---- Given information
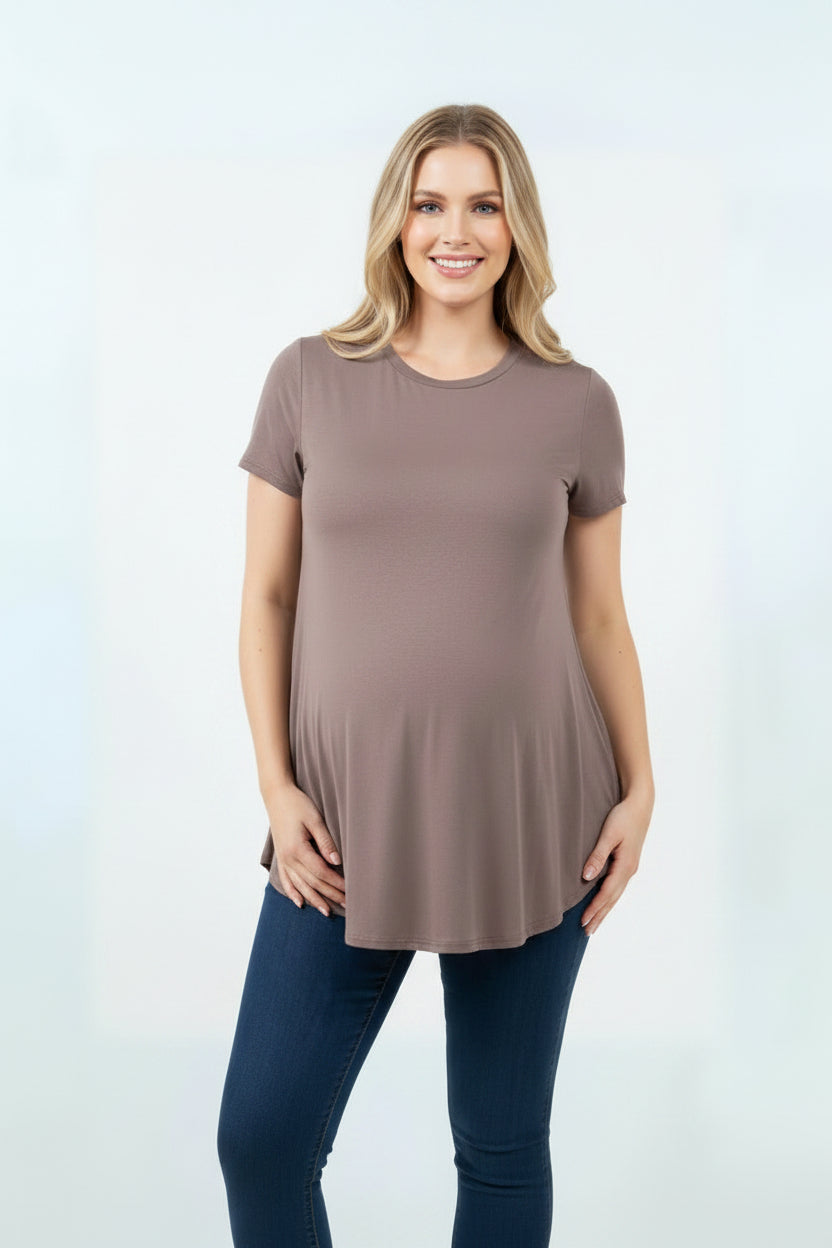 Mocha Loose Flowy Tee (S-3XL)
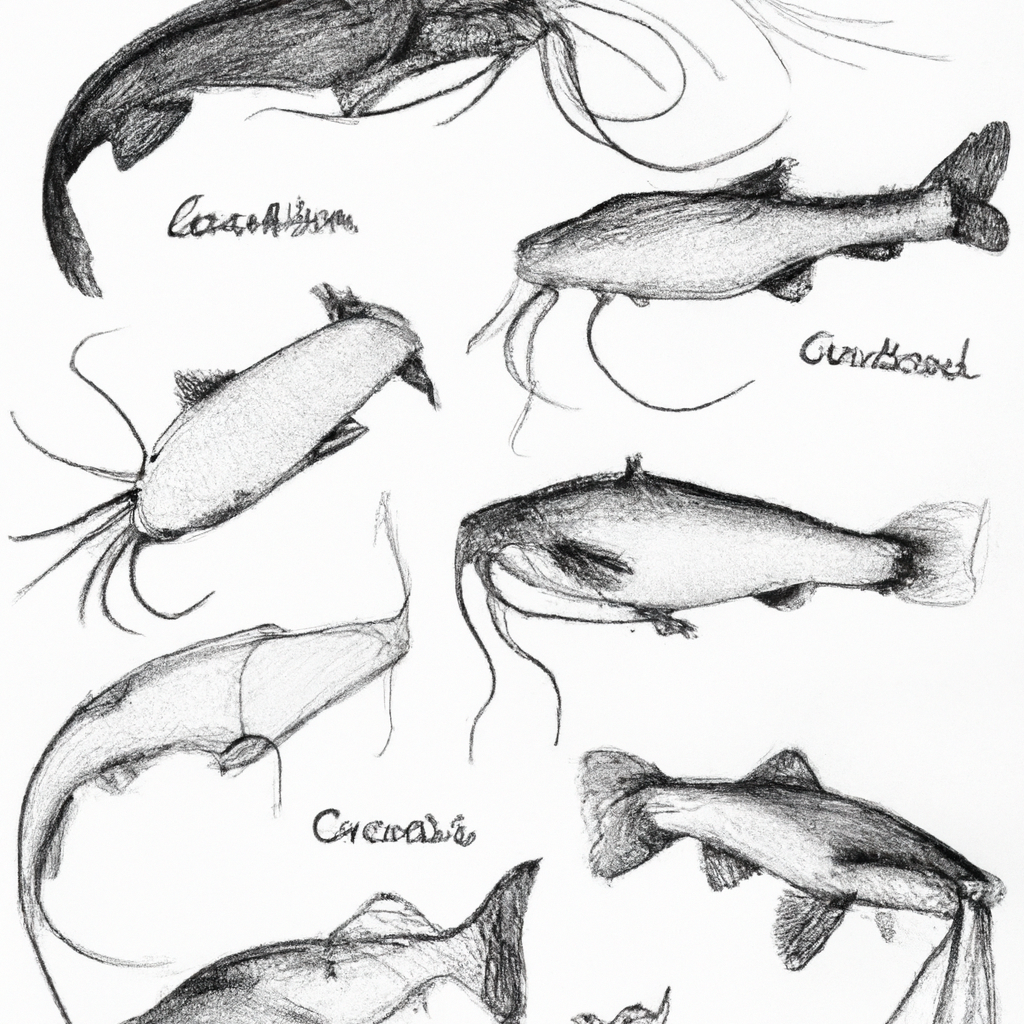 Hand drawn black and white pencil illustration of different types of catfish with distinct physical features, useful for fish farming. Include detailed sketches of various catfish species, highlighting differences in body shape, fin structure, and skin texture.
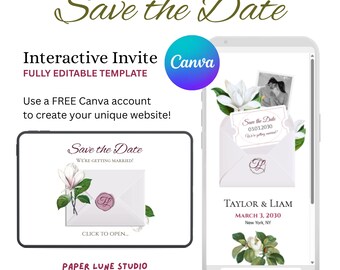 Modern Vintage Heirloom Magnolia Save the Date Website Template (Digital Download) Canva Template Pink Sage Green Heirloom Wedding Invite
--------
# Problem to solve:
For this exercise, retype the data above exactly and skip every image.

# Expected answer:
 Mocha Loose Flowy Tee (S-3XL)
 Hand drawn black and white pencil illustration of different types of catfish with distinct physical features, useful for fish farming. Include detailed sketches of various catfish species, highlighting differences in body shape, fin structure, and skin texture.
 Modern Vintage Heirloom Magnolia Save the Date Website Template (Digital Download) Canva Template Pink Sage Green Heirloom Wedding Invite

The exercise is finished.